#### Given data:
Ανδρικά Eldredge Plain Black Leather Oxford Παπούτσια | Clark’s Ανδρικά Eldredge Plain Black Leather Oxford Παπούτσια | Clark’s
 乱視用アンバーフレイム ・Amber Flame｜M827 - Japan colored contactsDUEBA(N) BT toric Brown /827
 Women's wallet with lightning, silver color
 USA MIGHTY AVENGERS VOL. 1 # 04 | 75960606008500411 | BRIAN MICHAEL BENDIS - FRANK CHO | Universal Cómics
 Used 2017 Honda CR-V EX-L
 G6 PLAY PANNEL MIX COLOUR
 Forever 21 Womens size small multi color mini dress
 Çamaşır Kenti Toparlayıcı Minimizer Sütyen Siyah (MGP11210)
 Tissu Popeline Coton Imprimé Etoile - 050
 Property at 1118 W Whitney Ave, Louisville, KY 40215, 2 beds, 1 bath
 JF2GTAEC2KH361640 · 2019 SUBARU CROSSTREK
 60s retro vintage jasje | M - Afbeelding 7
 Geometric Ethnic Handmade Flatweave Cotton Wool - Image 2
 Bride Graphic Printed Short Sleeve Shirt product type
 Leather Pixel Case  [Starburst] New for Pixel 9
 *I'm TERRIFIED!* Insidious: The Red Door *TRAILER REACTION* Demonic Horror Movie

#### Exercise goal:
Starting at the line that contains "Geometric Ethnic Handmade", return every line through the last one above, exactly as written.

#### Solved problem:
 Geometric Ethnic Handmade Flatweave Cotton Wool - Image 2
 Bride Graphic Printed Short Sleeve Shirt product type
 Leather Pixel Case  [Starburst] New for Pixel 9
 *I'm TERRIFIED!* Insidious: The Red Door *TRAILER REACTION* Demonic Horror Movie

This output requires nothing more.